MINISTÉRIO DA ADMINISTRAÇÃO INTERNA
Centeno nega a Cabrita 80 milhões de euros para forças de segurança

Orçamento do Estado só deverá prever um aumento de um por cento para a Administração Interna. Cabrita exige 5% para fazer face às reivindicações sindicais e esvaziar o Movimento Zero.

São José Almeida
São José Almeida 28 de Novembro de 2019, 6:00

António Costa terá de mediar a tensão entre dois dos seus ministros, Mário Centeno e Eduardo Cabrita, por causa do orçamento do Estado para as forças de segurançaFoto
António Costa terá de mediar a tensão entre dois dos seus ministros, Mário Centeno e Eduardo Cabrita, por causa do orçamento do Estado para as forças de segurança DANIEL ROCHA


A tensão entre o ministro da Administração Interna, Eduardo Cabrita, e o ministro das Finanças, Mário Centeno, está instalada nas negociações sobre o Orçamento do Estado para 2020 dentro do Governo, soube o PÚBLICO. Cabrita precisa de cerca de mais 80 milhões de euros em relação ao orçamento do Ministério da Administração Interna (MAI) para 2019, para satisfazer as reivindicações das forças de segurança. Mas Centeno apenas prevê dar-lhe cerca de mais 16 milhões, aplicando a regra de um por cento de aumento para cada ministério.

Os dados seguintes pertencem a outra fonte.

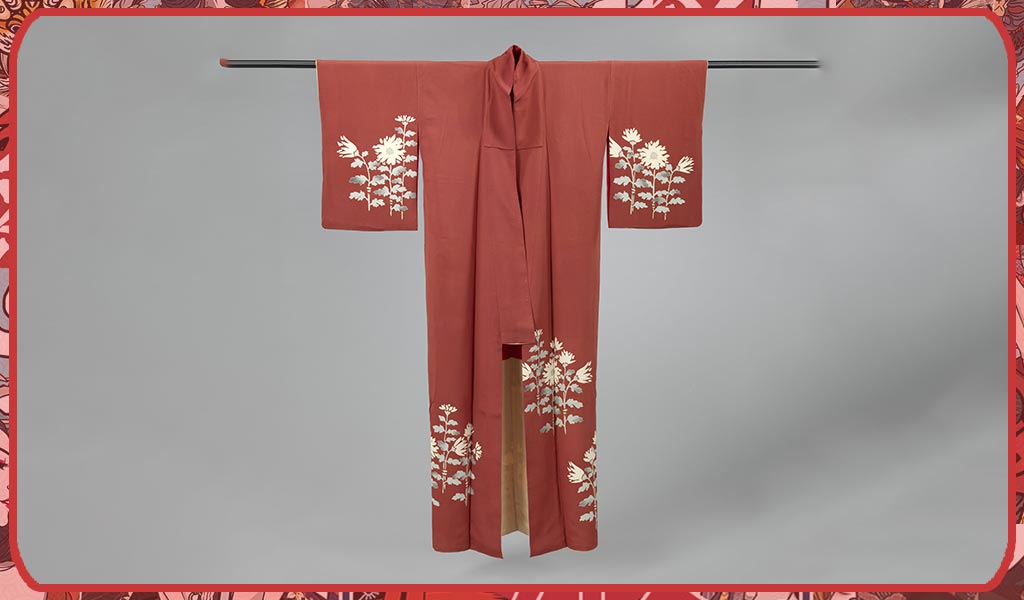 kimono brodé avec des motifs japonais traditionnels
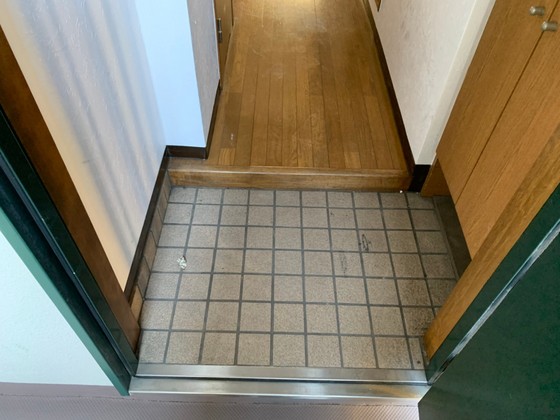 玄関　※別部屋の写真です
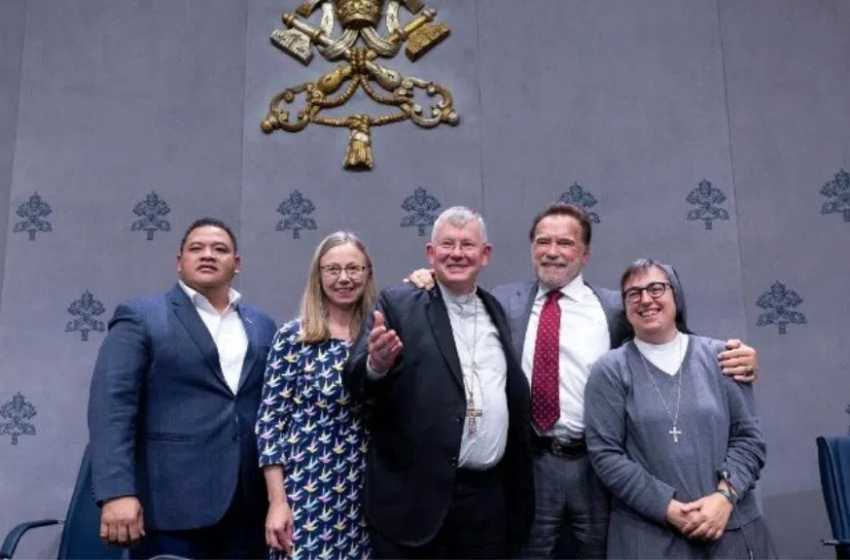  Arnold Schwarzenegger llega al Vaticano. Participará en un congreso sobre el medioambiente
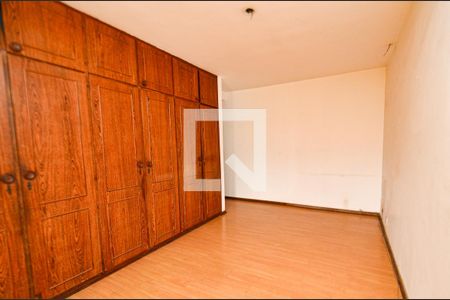 Casa à venda com 268m², 3 quartos e 2 vagasQuarto2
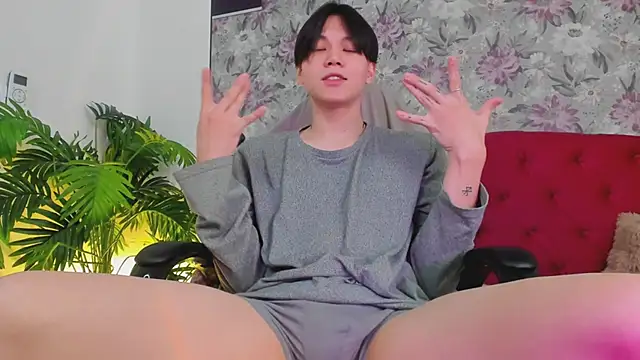 Snapshot of just_gay_ chatting on 03/05/25, 01:17 just gay online show from 03/05/25, 01:17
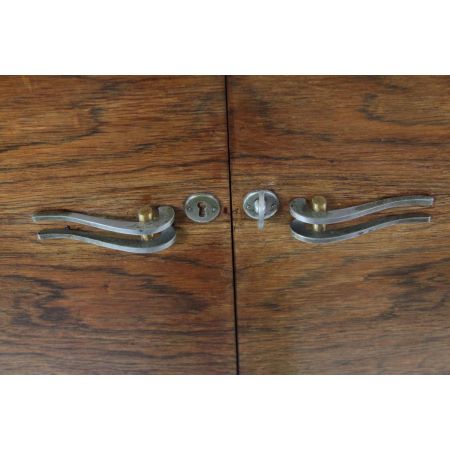 Morris "Menscupboard" Art Deco Kleiderschrank aus Nussbaum Herrenschrank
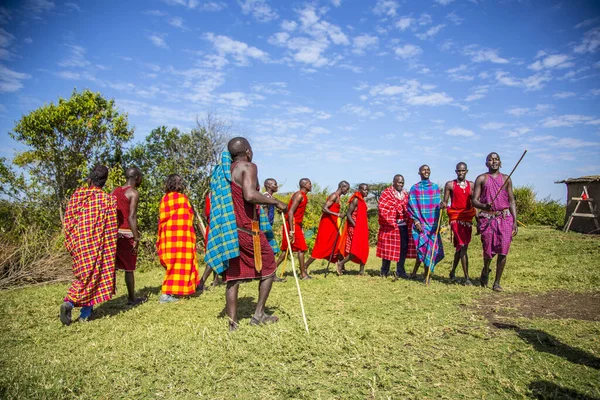 Masai Mara, Kenya - Ağustos 2018: Masais geleneksel parlak giysiler içinde 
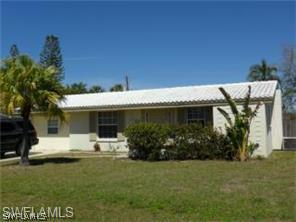 875 Entrada Dr., Fort Myers, FL 33919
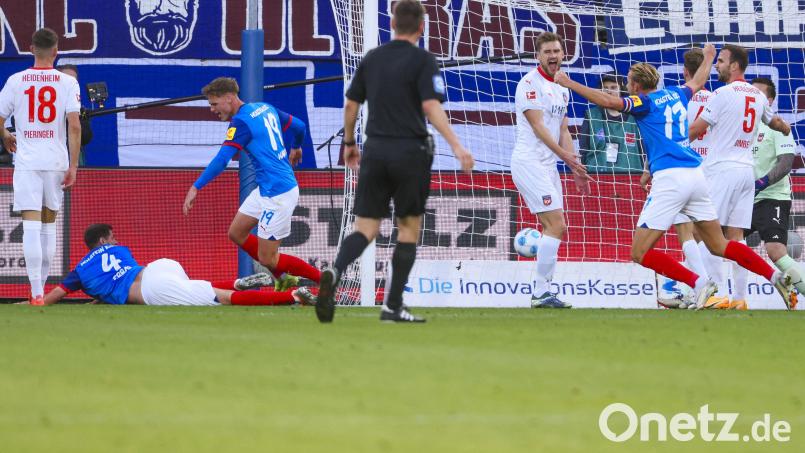 Patrick Erras (Nummer 4 am Boden) hat mit seinem Kopfballtor zum 1:0 Historisches für Holstein Kiel geschafft. Bild: Frank Molter/dpa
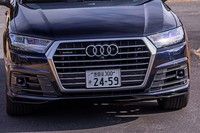 アウディのアイデンティティーでもあるシングルフレームグリルはバンパー下にまで及ぶ大きさ。後方から走ってくると、ひと目でアウディだと分かるデザインだ。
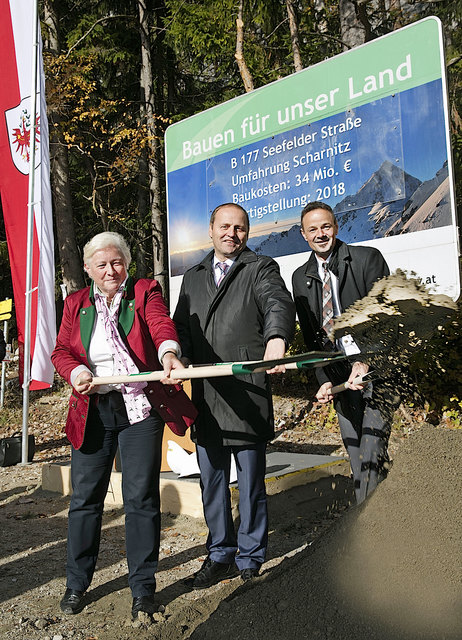 Das größte Projekt 2016 ist die Umfahrung Scharnitz (im Bild Spatenstich mit LH-Stv. J. Geisler, Mi.).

De acordo com informações recolhidas pelo PÚBLICO, o primeiro-ministro, António Costa, está atento ao problema e tem consciência de que têm de ser reforçados os orçamentos para as Forças Armadas e para as forças de segurança. Sobretudo depois do clima que se instalou no ramo na sequência da manifestação da passada quinta-feira, que foi dominada pelo Movimento Zero, introduzindo em Portugal novas formas de contestação inorgânica e clandestina típicas do radicalismo extremista e populista.

A regra que o ministro das Finanças quer usar em relação ao orçamento do MAI é a que aplica a todos os ministérios, a de um aumento de um por cento em relação ao orçamento do ano anterior. Em 2019, o orçamento do MAI foi de 1598 milhões de euros e agora a proposta de Centeno é de que suba para 1614 milhões de euros, mas Cabrita tem feito saber a Centeno que isso não chega e que é preciso 1678 milhões para fazer face à regularização e à satisfação de pelo menos parte das exigências sindicais das forças de segurança. Isto é, o aumento do orçamento do MAI tem de ser de cinco por cento, no valor de cerca de 80 milhões de euros.

Pagar retroactivos
A verba exigida por Cabrita destina-se não só a fazer face à regularização salarial dos agentes das forças de segurança, mas também a fazer face a despesas extraordinárias como o pagamento dos suplementos remuneratórios durante as férias e a organização das eleições presidenciais de Janeiro de 2021 (ver texto ao lado).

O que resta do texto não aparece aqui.